Most Workers Underestimate Risk, Are Financially Unprepared for Disability
New Survey Findings from the Council for Disability Awareness
With the average age of the American worker on the rise, the number of employees experiencing a long-term disability - one that keeps them out of work for three months or longer - is increasing rapidly. According to the Social Security Administration, the number of disabled workers in America has risen by 35 percent since 2000. But are U.S. workers aware of their risk of becoming disabled? And are they preparing themselves and their families for the significant financial impact of a long-term disability?
To find out, the Council for Disability Awareness (CDA) conducted a survey in January and February of 2007 that explored disability awareness and preparedness among the American workforce. CDA worked with the research firm StrategyOne to conduct a 15-minute telephone survey of 1,000 working American adults ages 18 to 65. The margin of error for the sample size was +/-3.1 percentage points at the 95% level of confidence. The survey revealed that most workers grossly underestimate their chances of becoming disabled and haven't considered the financial impact of a disability. These statistics are alarming, given that three out of every 10 workers between the ages of 25 and 65 will experience an accident or illness that keeps them out of work for three months or longer.1
Disability Not Top of Mind
The survey demonstrated that the possibility of becoming disabled isn't on the mind of most American workers.

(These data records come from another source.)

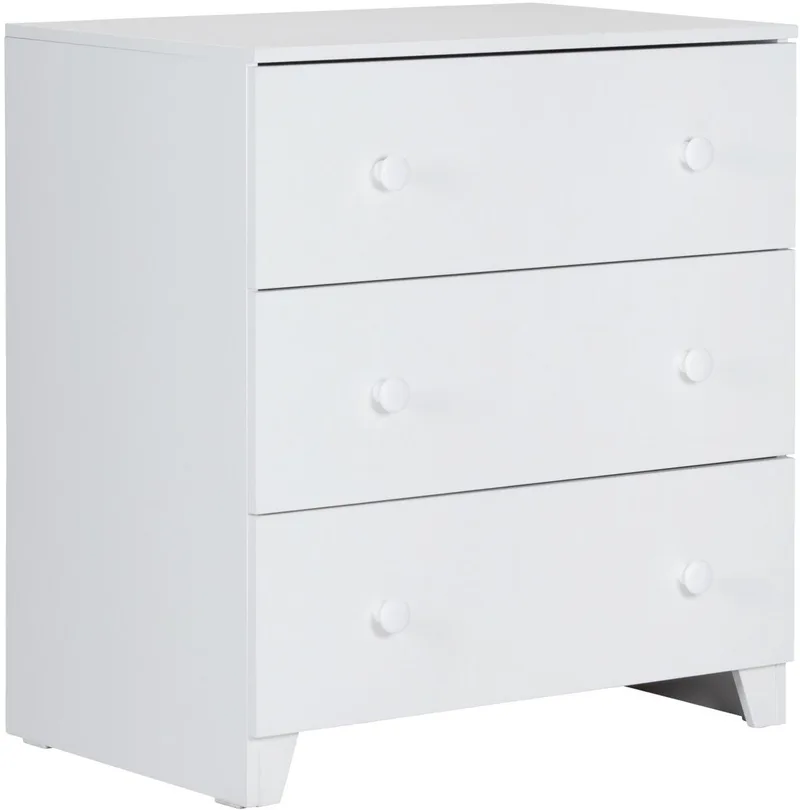Sarah Commode by Europe Baby in Wit – product photo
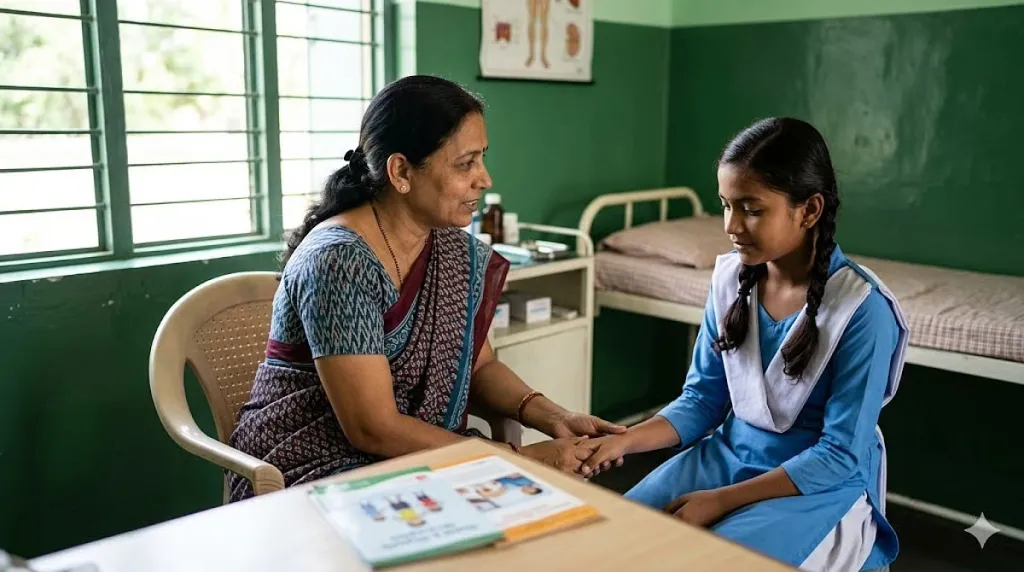 ആരോഗ്യവകുപ്പും വിദ്യാഭ്യാസവകുപ്പും സംയുക്തമായി നടപ്പാക്കുന്ന സമഗ്രമായ ഒരു സ്കൂൾ ആരോഗ്യപദ്ധതി പുനരാരംഭിക്കുകയും അതിനെ പുതിയ കാലഘട്ടത്തിന്റെ ആവശ്യങ്ങൾക്കനുസരിച്ച് കോളേജുകൾ കൂടി ഉൾപ്പെടുത്തി വികസിപ്പിക്കുകയും വേണം. / Representative image
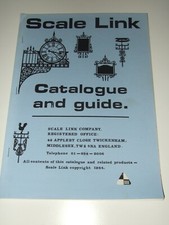 Scale link catalogue for sale  GLOSSOP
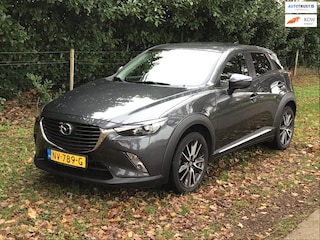 Mazda CX-3 2.0 SkyActiv-G 120 GT-M AUTOMAAT/LEER/trekhaak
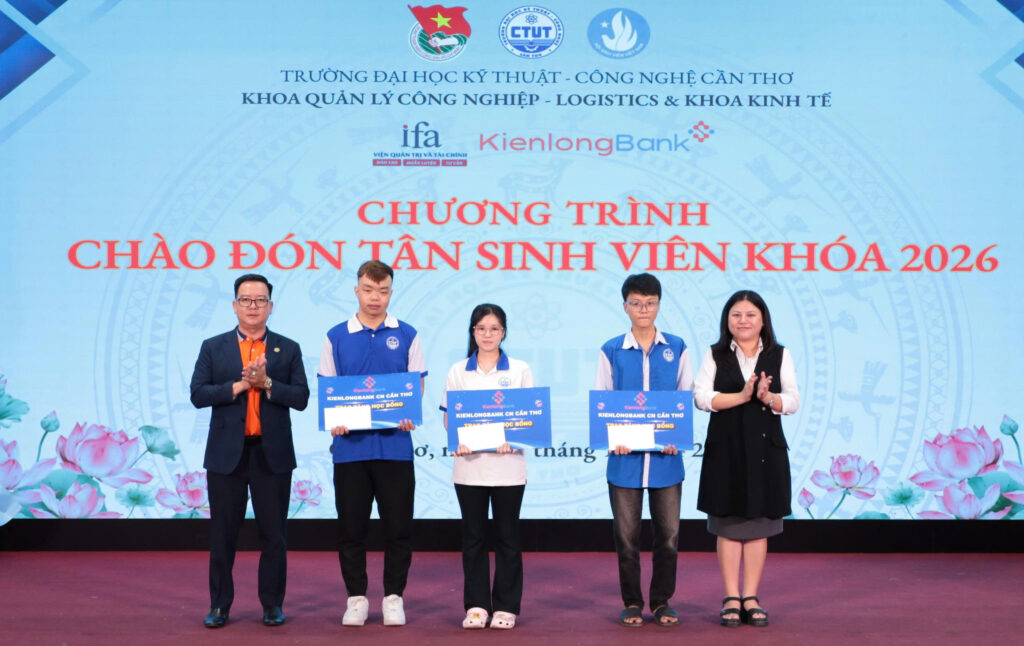 Chương trình chào đón tân sinh viên khóa 14 năm 2026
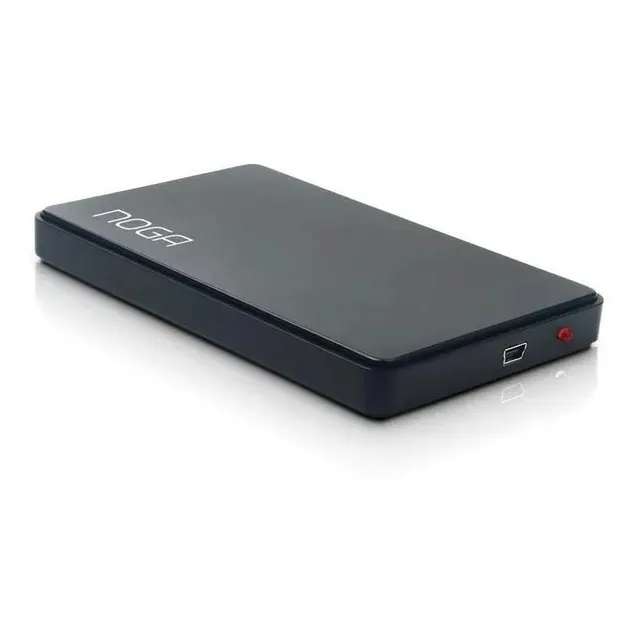 Carry Disk Cofre Case Usb 2.0 Sata 2.5 Notebook Disco Rigido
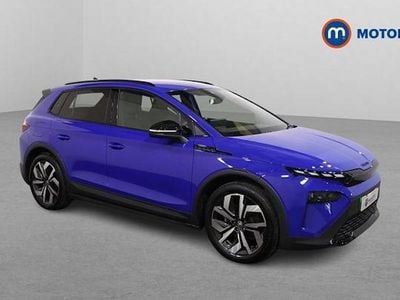 Used Skoda Elroq SportLine 150 kW (204 HP) 2025 Blue SUV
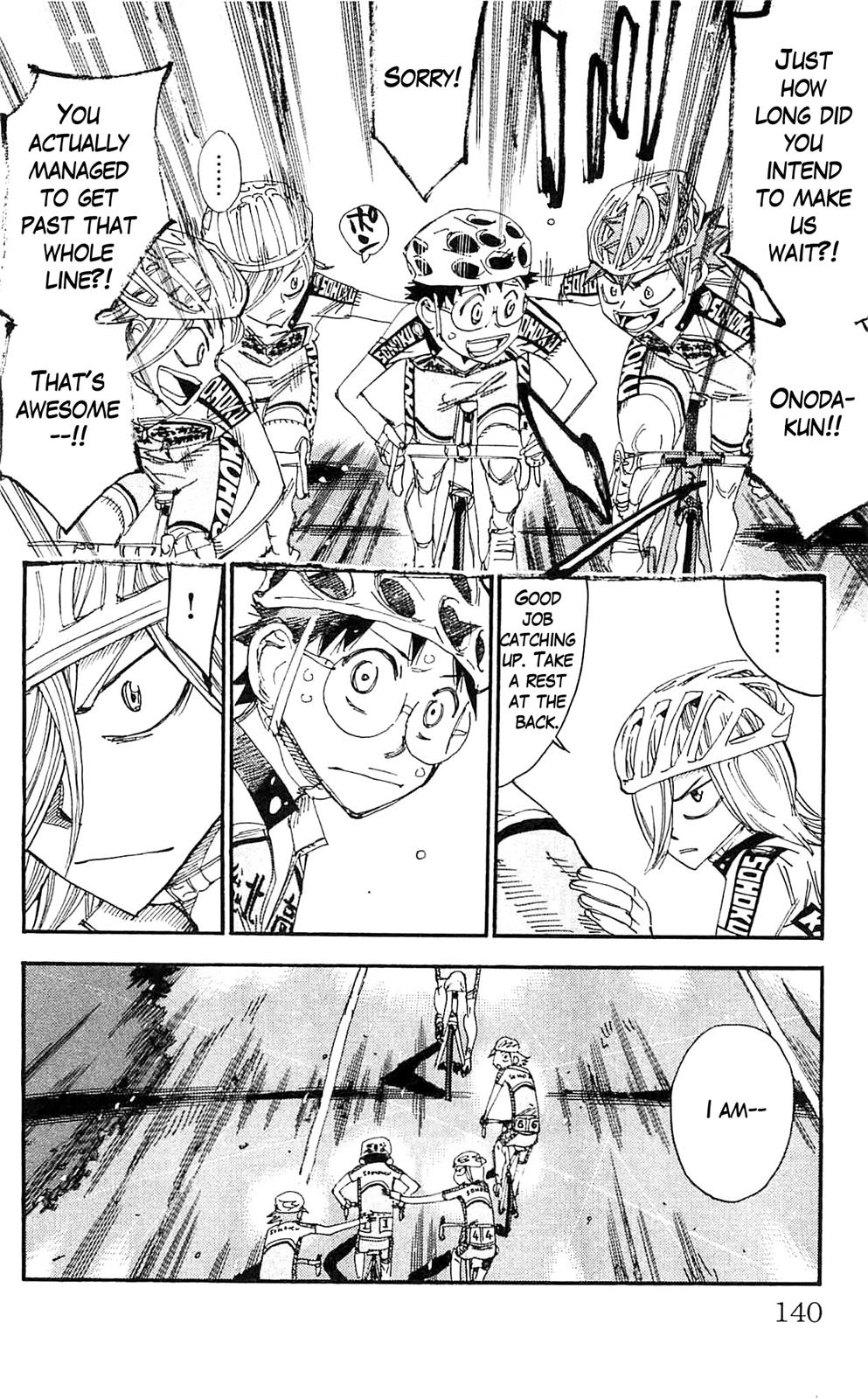 Read Yowamushi Pedal Manga Online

- The majority of workers (56 percent) don't realize that the chance of becoming disabled has risen over the past five years.
- Nine out of 10 workers vastly underestimate their own chances of becoming disabled.
- Eighty-five percent of workers expressed little or no concern that they may suffer a disability of three months or longer.
- When asked why they hadn't discussed how to manage the financial impact of a potential disability, 38 percent of respondents said they "haven't really thought about it."
Financial Security at Risk for the Unprepared
The survey also showed that most workers haven't taken effective measures to prepare themselves and their families for the potential financial hardship of a long-term disability.
- Nearly 60 percent of workers have not discussed how they would manage an income-limiting disability.
- Nearly two-thirds (64 percent) of respondents with 401k or IRA plans are unaware of what would happen to their retirement savings should they become disabled and unable to earn an income.
The survey also found that workers may have unrealistic expectations of how they would be covered if they became disabled. One-quarter of respondents (26 percent) said if they were unable to earn an income for six months or longer as a result of a disability, they would rely on Social Security or workers' compensation.
However, the vast majority of income-limiting accidents or illnesses don't occur on the job, making workers' compensation inapplicable. Social Security may not be adequate either, as less than half (39 percent) of the 2.1 million workers who applied for Social Security Disability Insurance benefits in 2005 were approved.3
Women More Aware, Less Prepared
When analyzed by gender, the survey data revealed that women are more aware than men of the threat of disability, but are still not taking steps to prepare themselves financially.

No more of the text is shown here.